Questa sala contiene i prodotti delle officine del fabbro, del carradore, del maniscalco, che rappresentano l’opera di artigianato indispensabile nella trasformazione e completa umanizzazione dell’ambiente, a partire dalla metà del ’500, con l’attuazione del piano di bonifica delle aree acquitrinose voluto dalla Serenissima.
L’organizzazione agraria del territorio intorno alle grandi aziende del patriziato, soprattutto veneziano, crea un grande apporto di manodopera specializzata nei vari lavori della corte e un conseguente necessario sostegno da parte delle officine rurali, in particolare quelle che sono qui ben rappresentate. Così nella Bassa Padovana operano fabbri, carradori, maniscalchi ma anche marangoni, botàri, munàri, murèri, caligàri, scarparoli, carigàri, barcaroli, pescatori.
Molti degli artigiani provengono da luoghi dell’altopiano di Asiago.

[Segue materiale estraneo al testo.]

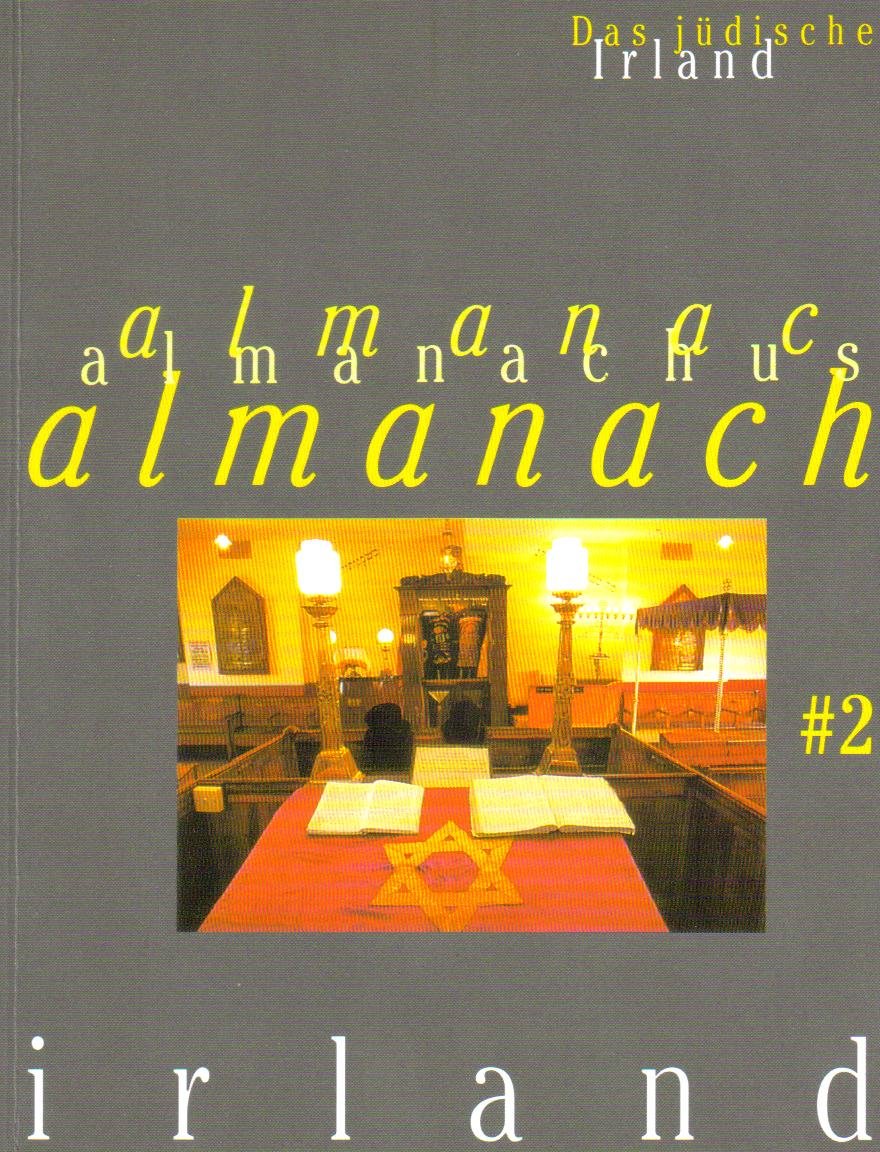 Irland Almanach 2. Das jüdische Irland Essays & Short Stories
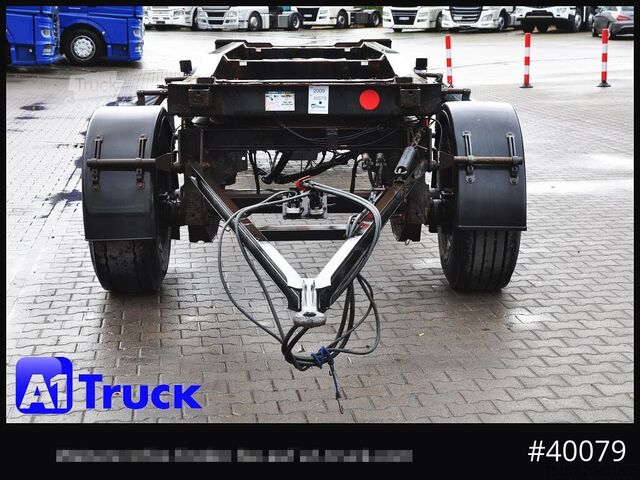 Abrollanhänger HUEFFERMANN HSA 1870, Abrollanhänger, Schlitten,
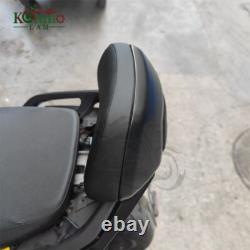 Black Rear Suitcase Adapted For YAMAHA T-MAX 530 TMAX530 2012-2016 2013 14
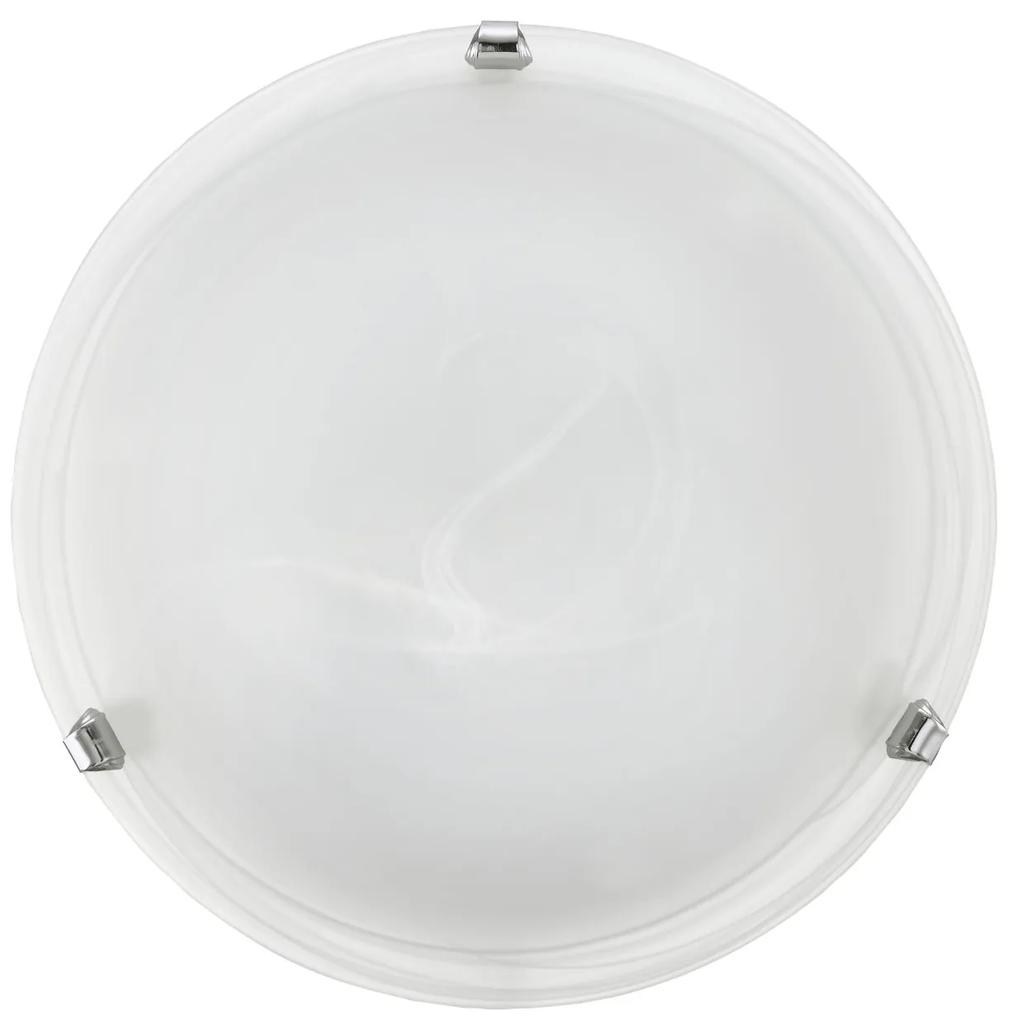 EGLO Stropné / nástenné stropné svietidlo SALOME, 2xE27, 60W, 40cm, okrúhle, biele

Ben allestita è la bottega del fabbro (localmente fàvaro o feràro), con la relativa forgia, il mantice, l’incudine bicorna, la conca di pietra trachitica per raffreddare nell’acqua i pezzi roventi lavorati e mantenerne la tempera, ma anche con il banco da lavoro il cui pianale è ricoperto dai vari attrezzi e oggetti prodotti (punzoni, ciodàre, matrici per le viti e chiodi di tutte le misure, giunture e cerniere per infissi ecc.).
Quello del carradore era un mestiere veramente portante nella colonizzazione agraria: costruiva carri, carretti, ma anche calessi birocci e mezzi di trasporto in genere e spesso si trasformava anche in carpentiere, bottaio, marangon. La realizzazione del carro era impegnativa, richiedendo all’incirca una cinquantina di giorni, la maggior parte dei quali era dedicata alla costruzione delle ruote. Il materiale esposto proviene quasi tutto da arredi di officine delle famiglie Centanini di Stanghella e Dalla Pria di Megliadino S. Vitale. In evidenza sono due torni, di cui uno a pedale ancora funzionante, un tipico banco da lavoro con una collezione di vari attrezzi (pialle, pialloni, redinaròli, cortéli a do man), una cassettiera con rastrelliera, una morsa con tavolinetto triangolare per l’assemblaggio della ruota e un trabiccolo (cavaléto), cioè un attrezzo impiegato per infiggere i raggi delle ruote nel mozzo.
Più semplice lo strumentario indispensabile del maniscalco. Molto spesso si spostava per prestare la sua opera presso le grandi fattorie e normalmente il suo botteghino si collocava lungo la strada. Sul pianale del deschetto sono esposti alcuni attrezzi tipici: striglie, raschietti, vari ferri per cavalli, muli, asini, buoi e quanto serviva per ferrare gli animali adibiti al traino o al lavoro nei campi, ma anche per la loro cura e piccoli interventi chirurgici.